Feliz, mostró al muchacho Law el camino hacia su casa. Caminando por senderos soleados y llenos de polvo, el viejo no dejó de hablar de caracoles, de viajes científicos y de su nieta. El niño no parecía tener mucho que decir. Se limitó a seguir al anciano mientras pensaba en la recompensa del libro. Aquel hombre no le caía mal del todo. Era amable, al fin y al cabo, y no lo miraba como a un bicho raro. Era un poco pesado, pero parecía buena gente.
Al cabo de unos minutos, llegaron a una enorme casa de aspecto envejecido.
– Ven aquí mañana y te daré ese libro, ¿vale? -dijo el señor Mizuno alegremente-.
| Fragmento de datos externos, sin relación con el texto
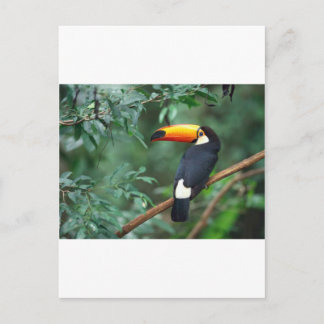 Toucan Vykort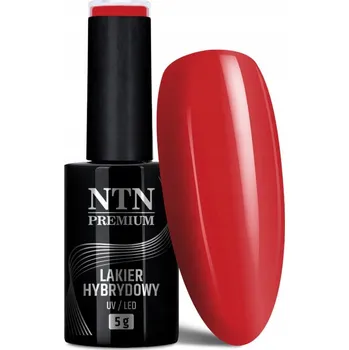Přípravek na nehty Hybridní lak na nehty NTN 5g Kolekce Design Your Style, červený Č. 42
El niño asintió con la cabeza, contento. Y el anciano añadió:
– Yo ahora tengo que volver a la charca: ¡le había prometido a mi nieta traerle renacuajos para criar! -pensativo, Mizuno hizo una pausa-. Creo que mi nieta y tú os llevaríais bien. Ha de tener más o menos tu edad.
Law no dijo nada. Finalmente, Kenji se despidió con una broma, mientras retomaba el camino.
– ¡Bueno, hasta mañana, joven caballero!